Captioned web images:

::::::::

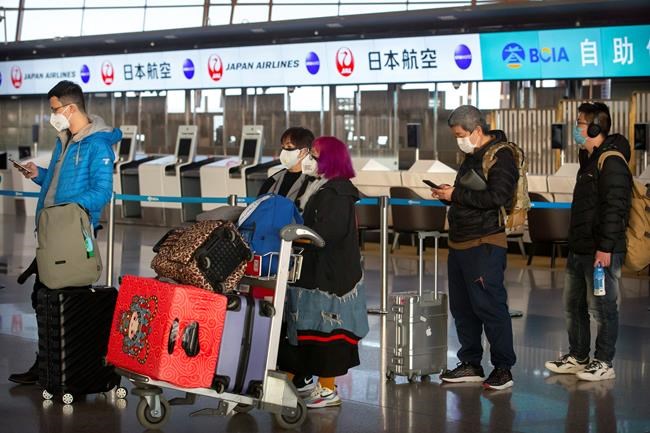 Travelers wearing face masks line up near the Japan Airlines check-in counters at Beijing Capital International Airport in Beijing, Thursday, Jan. 30, 2020. China counted 170 deaths from a new virus Thursday and more countries reported infections, including some spread locally, as foreign evacuees from China's worst-hit region returned home to medical observation and even isolation. (AP Photo/Mark Schiefelbein)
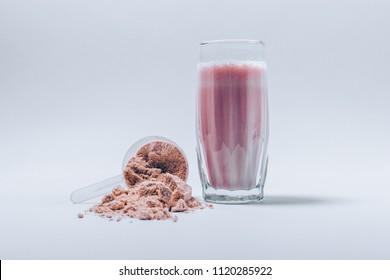 Fresh Made Whey Protein Shake In A Glass And Scoop Of Fine Powder On White Table. Sports Supplements Drink.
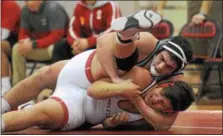  ?? GENE WALSH — DIGITAL FIRST MEDIA ?? North Penn’s Ryan Cody, wrestling Souderton’s James Plumly on Wednesday, Jan. 24, 2018, tries to defend his 285 title at the District 1-AAA East Tournament Saturday.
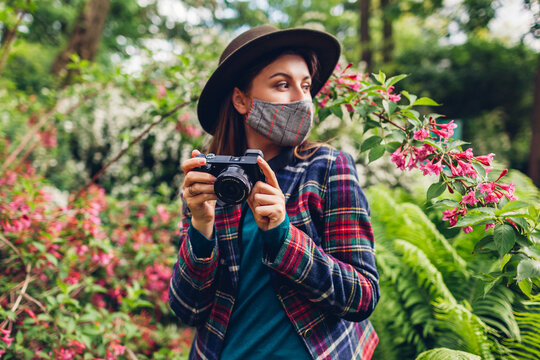 Woman photographer taking photos on digital camera in summer garden wearing coronavirus mask. Freelancer enjoys job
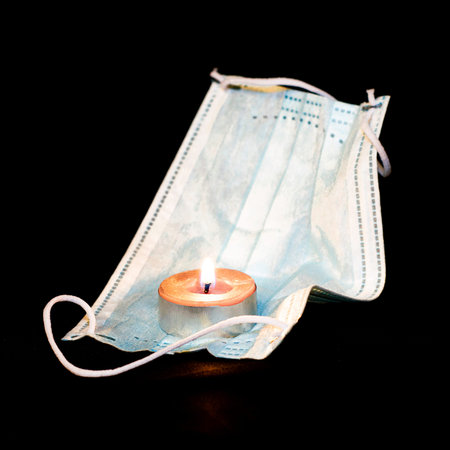 covid19 virus epidemic victims memory concept burning candle and medical hygiene dressing on black...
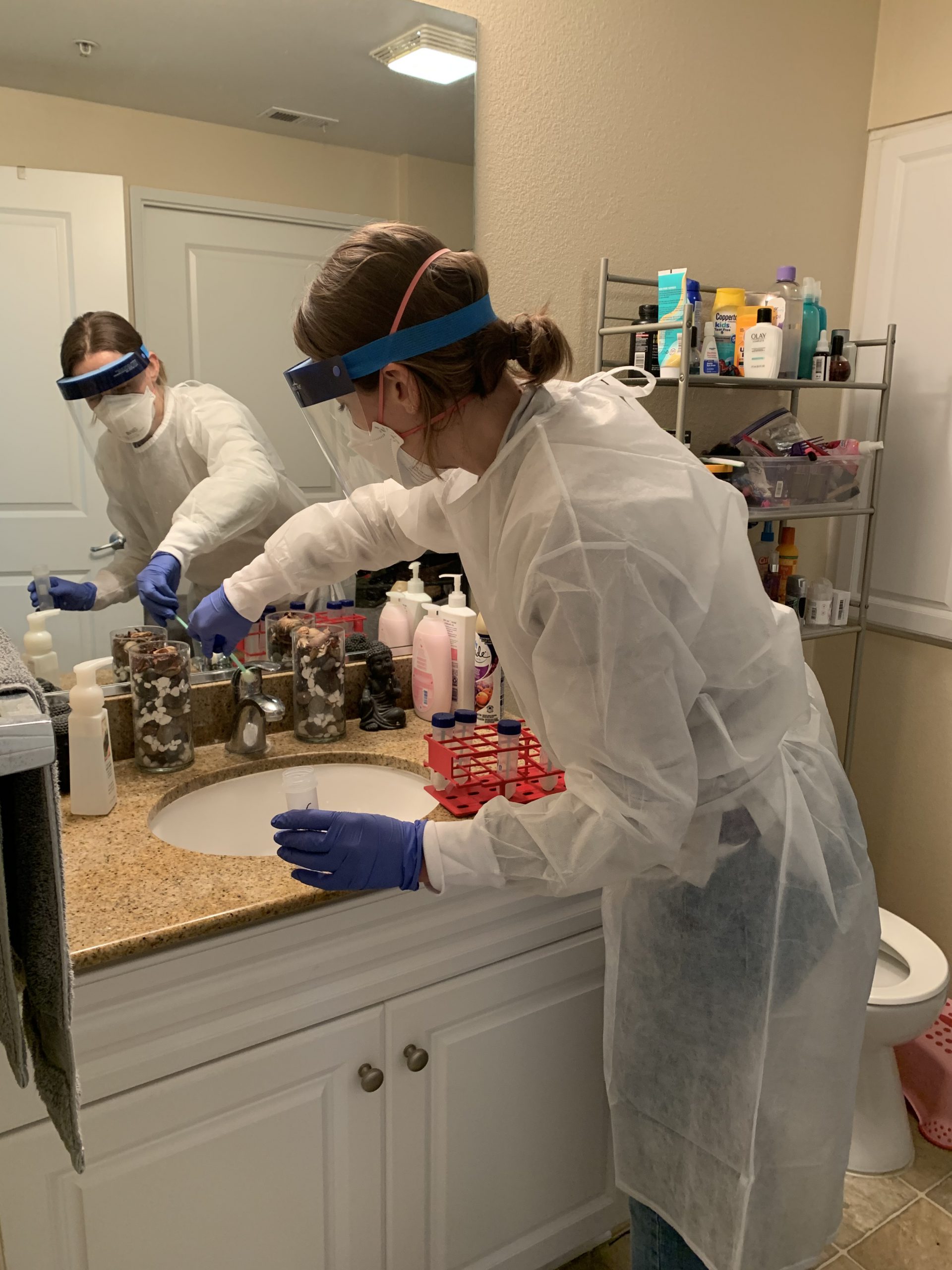 EIS Officer Marisa Donnelly samples bathroom surfaces to detect the virus that causes COVID-19 in order to understand more about transmission risk in February 2021.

::::::::

● **PROBLEM REQUIREMENTS**: Set down exactly the lines of the entries above from the one holding "Fresh Made Whey" through the last one, including both, with the pictures left out.

● **OUTPUT**:
 Fresh Made Whey Protein Shake In A Glass And Scoop Of Fine Powder On White Table. Sports Supplements Drink.
  ?? GENE WALSH — DIGITAL FIRST MEDIA ?? North Penn’s Ryan Cody, wrestling Souderton’s James Plumly on Wednesday, Jan. 24, 2018, tries to defend his 285 title at the District 1-AAA East Tournament Saturday.
 Woman photographer taking photos on digital camera in summer garden wearing coronavirus mask. Freelancer enjoys job
 covid19 virus epidemic victims memory concept burning candle and medical hygiene dressing on black...
 EIS Officer Marisa Donnelly samples bathroom surfaces to detect the virus that causes COVID-19 in order to understand more about transmission risk in February 2021.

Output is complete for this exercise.